[Opening DATA BLOCK section]

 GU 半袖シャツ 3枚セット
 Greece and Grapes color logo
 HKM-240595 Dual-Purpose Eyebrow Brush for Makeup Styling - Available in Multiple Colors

[Closing DATA BLOCK section]

- TRY IT
Everything in the listing above should be restated exactly.

- ANSWER BELOW
 GU 半袖シャツ 3枚セット
 Greece and Grapes color logo
 HKM-240595 Dual-Purpose Eyebrow Brush for Makeup Styling - Available in Multiple Colors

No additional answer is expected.